Breitling, one of the few remaining family-owned Swiss watch brands, has been snapped up by CVC Capital Partners, which is to acquire an 80 percent stake in the watchmaker.
Financial terms of the deal, realized through CVC’s Fund VI, were not disclosed, although analysts estimate the acquisition values the business at more than 800 million euros, or $871.5 million at current exchange, and that the multiple paid was around two times the company’s sales.
As part of the transaction, Breitling owner Théodore Schneider will reinvest for a 20 percent shareholding, CVC stated.
But while the deal is a hefty one, it is unclear whether CVC’s investment in Breitling will spur a wave of similar purchases throughout the close-knit Swiss watch industry.
Potential acquirers for Breitling, which has estimated annual sales of between 500 million and 0ne billion Swiss francs, or between $500 million and $1 billion at current exchange, had been pitted by analysts as “soft luxury” players Kering and LVMH Moët Hennessy Louis Vuitton, supposedly intent on bolstering their portfolios in the segment.
At the Baselworld watch and jewelry show last month, speculation abounded that a tie-up between Breitling and Rolex’s sister brand Tudor could be in the works after the two companies revealed they would be exchanging movements.
But after two years of declining sales for Swiss timepieces in international markets, hit by the crackdown on corruption in China, declining sales in Hong Kong — the number-one market for Swiss timepieces — and large inventories, the market remains difficult.
Over the past year, some of the leading players have been cutting costs, rationalizing their portfolios, introducing lower priced timepieces and even buying back surplus inventory, in the case of Compagnie Financière Richemont.
While the morose environment could be seen as making it tougher for the few independents still out there, making more consolidation likely, analysts are more equivocal.
“I think it means the leading players believe it is not a good time to buy watch brands, otherwise a [private-equity firm] wouldn’t have gotten the deal,” Luca Solca, sector head of luxury goods at Exane BNP Paribas, told WWD.
“We believe that this is marginally good for Kering as it reduces the risk of more M&A in hard luxury, where results have been disappointing,” wrote Solca in a research note.
“The deal shows that conditions are tough in the industry,” said Jon Cox, head of Swiss equities at broker Kepler Cheuvreux in Zurich.
“Breitling is a decent brand but a reported 2x sales multiple doesn’t look like a lot, and the fact that it was won by private equity and not luxury or Chinese distributors shows that the industry remains depressed,” he added. “I expect more independents to be taken over.”
Breitling is a relatively small player in the high-end watch segment.
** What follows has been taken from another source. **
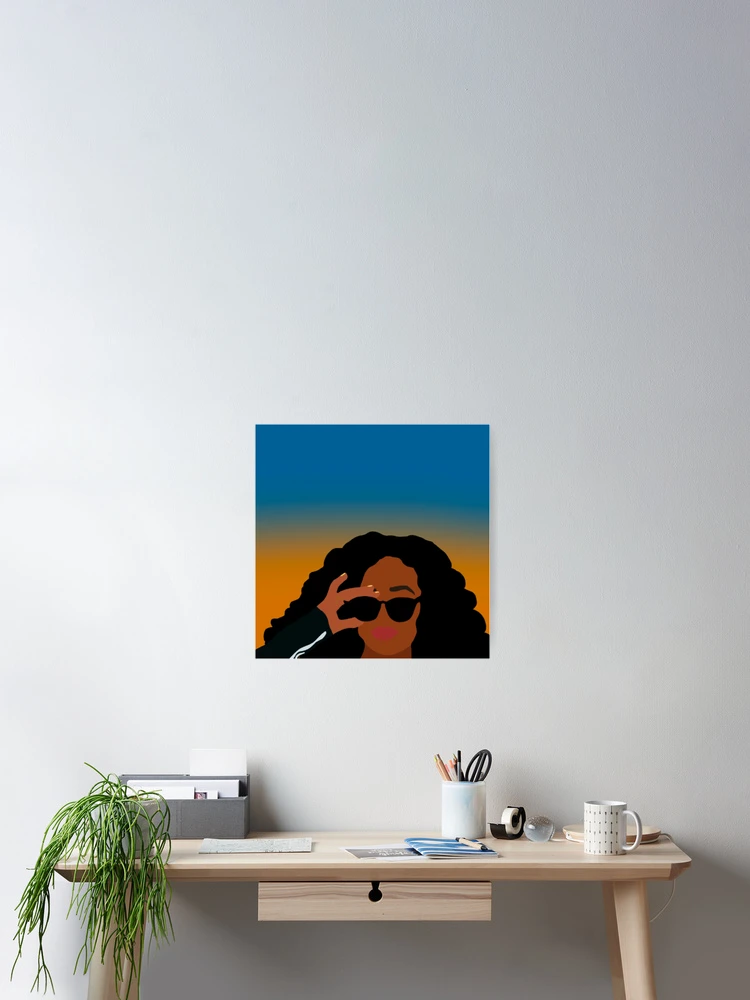 Thumbnail 2 of 3, Poster, H.E.R. designed and sold by meeemsie.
The firm is estimated to hold a 1.3 percent share of the market for new timepieces — its share rises to 2.7 percent in the market for second-hand watches.
The bulk of the segment is dominated by three companies — Swatch Group, Richemont and privately held Rolex. Together, they control 63 percent of the market for new products, according to Exane BNP Paribas.
Now that Breitling is off the market the only independent players apart from Rolex, which is owned by a foundation, in the top 15 luxury watch brands are Patek Philippe, Chopard and Audemars Piguet, none of which have visible “for sale” signs hanging over them. Smaller independent players include Richard Mille, which was reportedly in talks with Kering back in 2013 although a deal never materialized, and Parmigiani Fleurier.
CVC said it would use its network and expertise to build renown for Breitling, founded in 1884 and based in Grenchen, Switzerland. The company employs 900 people and operates two domestic manufacturing facilities.
“Specifically, we see significant growth potential for Breitling in both existing and new geographies by driving the digitization of the marketing and distribution channels in the company, helping to enrich the product and customer experience,” said Daniel Pindur, senior managing director at CVC.
“I am convinced CVC is the right partner to elevate Breitling to the next level,” Schneider said. “CVC’s expertise, track record and international network will help unlock Breitling’s full potential.”
Closing of the deal is subject to approval by relevant competition authorities and is expected in June.
CVC Capital Partners is a global private equity fund with current holdings in around 50 companies across diverse segments. Its retail and luxury holdings comprise Spanish company Cortefiel and German perfumery chain Douglas.